EU Realizing It Got The Short End Of The Stick In Agreeing To Let US Spy On Bank Data
from the whoops dept
A little over a year ago, the EU agreed to a deal with the US, called the SWIFT agreement, which said that the US could get access to EU citizens' financial transaction data. This was so that the US could (in theory) better track down terrorists. That's the story we're told, anyway. There are a variety of conditions imposed on the US, such as that they have to justify their requests, the requests must be specific rather than general, and that it is limited only to people with "links to terrorist activity." Oh yeah and any EU citizen is supposed to have the right to find out if the US accessed his or her financial data.Apparently, an EU Parliament member decided to test this last part out and got a major runaround, in order to keep him from finding out if his data was seen by the Americans. Meanwhile, the Europol Joint Supervisory Body (JSB) complained that the requests from the US to get this kind of data have been too vague (remember, they're required to be specific) to determine if they're valid.

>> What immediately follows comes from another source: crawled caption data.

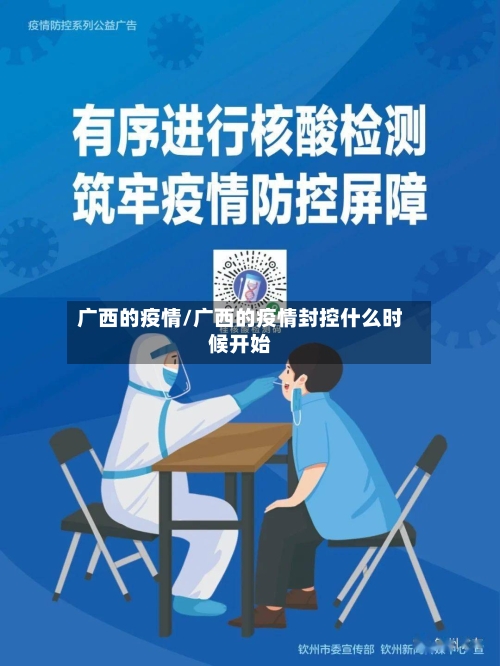 广西的疫情/广西的疫情封控什么时候开始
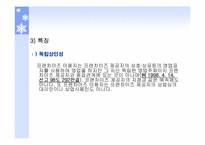 [상법] 새로운 상행위-15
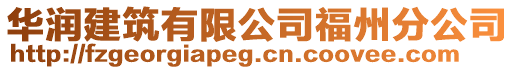 華潤建筑有限公司福州分公司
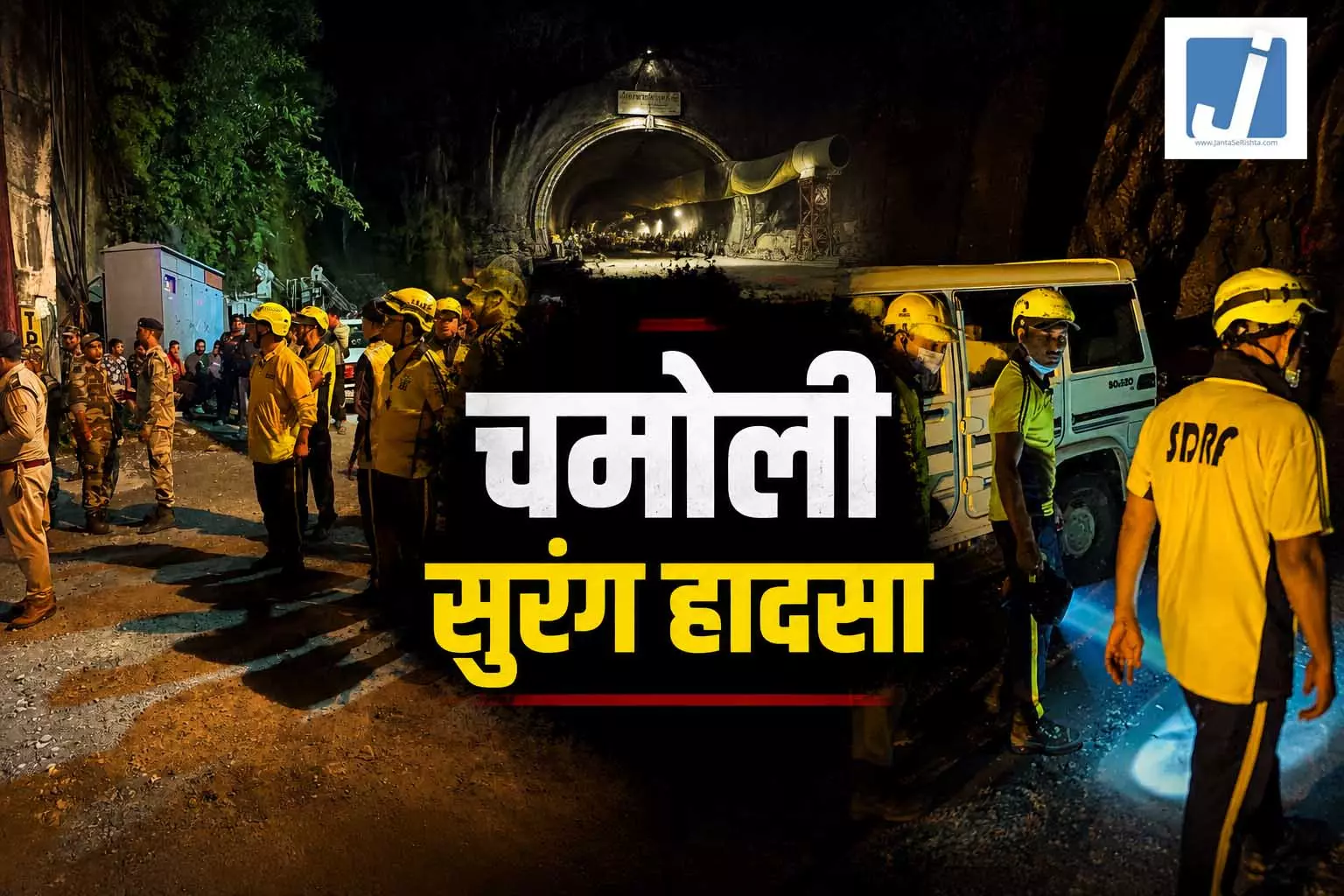 चमोली टनल हादसे का रेस्क्यू ऑपेरशन पूरा: 10 पहुंचा मृतकों का आंकड़ा, छत्तीसगढ़ के भी चमोली टनल हादसे का रेस्क्यू ऑपेरशन पूरा: 10 पहुंचा मृतकों का आंकड़ा, छत्तीसगढ़ के भी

Given all of this, it appears the EU is wondering why it's turning data over to the US at all. As the reporter Nick Farrell notes in that last link, what's kind of amazing here is that the US has been given access to financial data of citizens of other countries, and you'd think it would be bending over backwards to keep that sort of access. Basically ignoring the very rules it agreed to seems like a good way to completely lose that access.